Клив бросился к пляшущему в петле человеку. Оттолкнувшись от слегка пружинящих досок помоста, он высоко прыгнул и повис на плечах Ринго, словно желая сдернуть его на землю. Раздался отчетливый хруст. Петля с силой впилась в кожу и шея Малыша не выдержала. Позвоночник сухо треснул, крепко сжатые челюсти разжались, наружу вывалился распухший, синий язык. С громким, похожим на треск разрываемой ткани, звуком, опорожнился кишечник. На черных, с тесмяными подтяжками, штанах появилось, быстро увеличиваясь в размерах, мокрое, резко пахнущее мочой, пятно. Малыш Бен Ринго наконец умер.

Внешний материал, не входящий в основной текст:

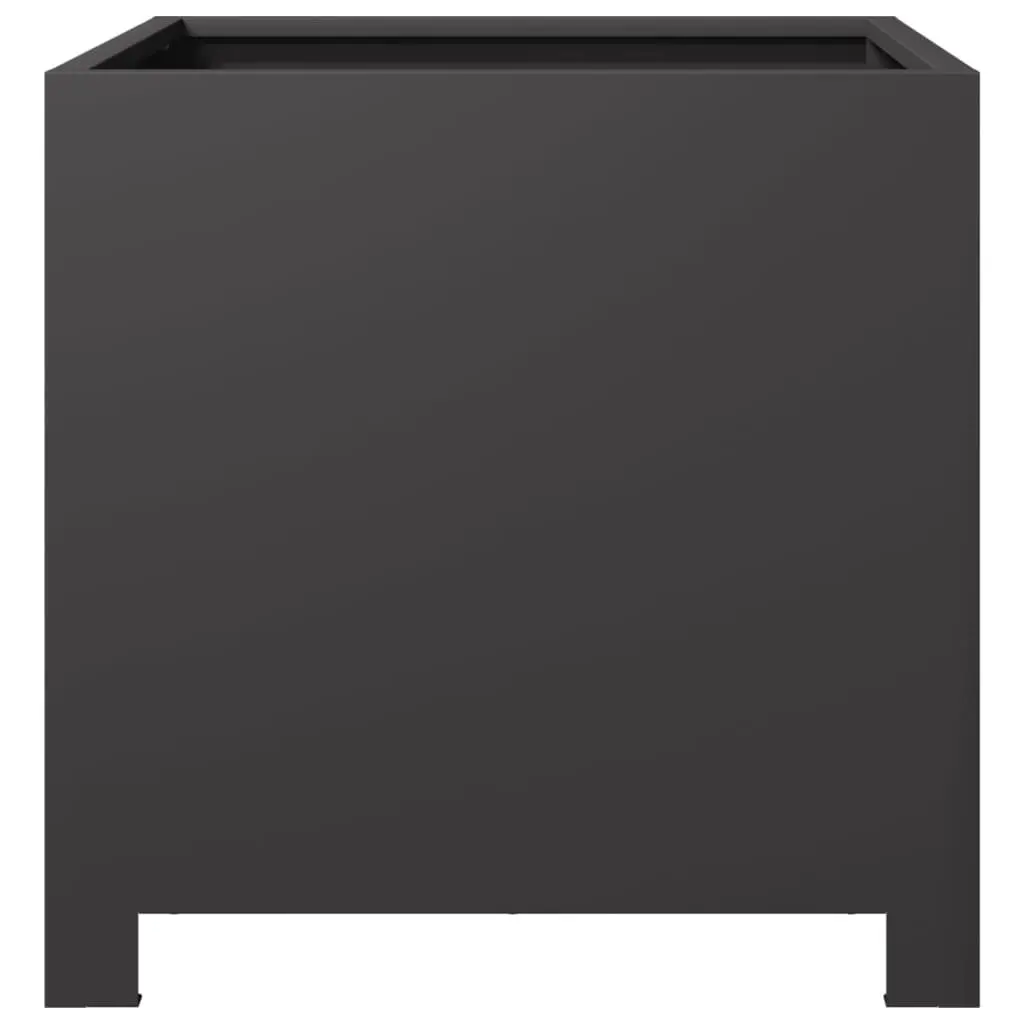 Garden Planters Outdoor 40x40x40 cm Black 2 Piece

Клив Бриннер покинул город вскоре после казни. Гнедой, накормленный и отдохнувший, встретил его тихим ржанием, ткнулся губами в рукав короткой кожаной куртки, требуя внимания. Клив ласково потрепал коня по густой, тщательно вычесанной гриве. Бросив мальчишке четвертак, он легко вскочил в седло, тронул каблуками бока и, не оглядываясь, двинулся по главной улице Хейвена к дороге, ведущей на восток.
Глава 4
Парни Финнигана
Большой Джордж стоял в густом кустарнике у подножия невысокого холма и готовился справить малую нужду на колючий, изогнутый ствол опунции. Мясистые зеленые листья, каждый не меньше ладони самого Джорджа, касались его рук и плеч, скребя по одежде толстыми шипами. Собравшись с духом, он откинул полы плаща, расстегнул пуговицы на серых, потертых штанах и извлек часть себя, хорошо известную шлюхам от Арканзаса до Нью-Мексико. Прикрыл глаза, чувствуя, как нарастает жгучая боль в паху. Переполненный мочевой пузырь, казалось, под завязку набит толченым стеклом вперемешку с гравием, а член напоминал раскаленный прут в руках ковбоя, что клеймит табун. Еще несколько мгновений, и горячая, мутная струя ударила в шероховатый ствол, растекаясь по неровной коре, поползла вниз, собираясь в пенистую, зловонную лужу. Джордж застонал.
«Проклятая простуда!» — с бессильной яростью думал он. Неделю тому Джордж сильно вымок, и вдобавок, заночевал под открытым небом, укрывшись не толстым шерстяным одеялом, а промокшей насквозь, лошадиной попоной. Казалось бы, сущий пустяк для такого здоровяка, но уже на следующий день он ощутил легкое покалывание и тяжесть внизу живота, а дальше дела пошли и вовсе из рук вон плохо. Оправление малой нужды превратилось в изощренную пытку, дважды Джордж обмочился, не успев расстегнуть штаны. Попахивало от него с той поры прескверно.